Indeed, the final report on lifelong learning by the enterprise and lifelong learning committee in the last Scottish Parliament (2002) recommends that "the articulation of qualifications between FE and HE needs to be improved". In addition, the same report states that "there should be a joint review of HE-FE estates to promote better use of existing resources across sectors".

It is easy, therefore, to be seduced by the possibility of further education and higher education coming together on one campus to offer a broad range of provision from non-advanced level courses to masters and PhD programmes, and to drive down costs and create efficiencies by sharing support services.

This concept is especially attractive in a rural setting such as the Borders where the indigenous population does not have access to a significant range of university education on its doorstep. This means that those wishing to pursue the "holy grail" of a university qualification either have to spend a considerable time each day travelling to and from their chosen seat of learning or, alternatively, have to live away from home during term time at least.

Inevitably, this situation significantly increases the cost to those people who live in a rural area. In particular, adult returners and those in employment who may wish to study part-time can justifiably feel disenfranchised.

It is against this background that Borders College began the formulation of its business case for a reconfigured estate. As part of this process, a report by independent consultants highlighted that the most appropriate model for the new estate was a "hub" located in Galashiels, together with a number of outreach centres in other Borders towns where there was an identified sustainable demand and with a community college in Hawick.

Current thinking advocates "strategic change through deeper collaboration or merger" between FE colleges and between FE colleges and higher education institutions.

Encouraged by the funding council, we got together with our colleagues from Heriot-Watt University, with whom we have been working closely over the past five years or so, to consider the option of a co-location to the university's Netherdale campus in Galashiels, which would become the "hub" for the delivery of FE and HE provision in the Borders with both organisations occupying the same buildings.

It was at this stage that the enormity of the proposal really became apparent. While colleges and HE institutes are part of the same Scottish education system, there are many cultural, strategic and operational differences between the sectors.

To bring two substantially different staff and student groups together on one campus presents real challenges. For instance, any change can be regarded as threatening and can be demotivating. When this change of necessity requires the existing staff and student bodies on the campus to relocate to accommodate another organisation, the situation is even more daunting.
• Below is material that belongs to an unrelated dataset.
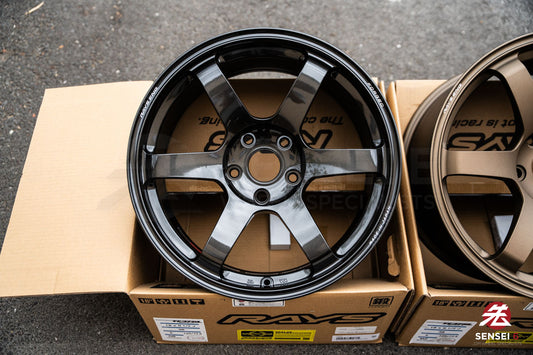 Volk TE37 Saga SL / 18x9.5 +38 / 5x120 / Diamond Black (DB)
These challenges are not insurmountable with goodwill on each side and there is huge commitment to ensure that this highly innovative project succeeds. We recognise that there are certain risks to be managed but also very great rewards to be gained in this project.

It must succeed for the future sustainability of FE and HE in the Borders, and to ensure that, with future additional university partners and the continued encouragement of our funders, the people of the Borders will have the opportunity to access on their own "patch" a much enhanced HE provision.

I will keep you informed.

Dr Robert Murray is principal of Borders College.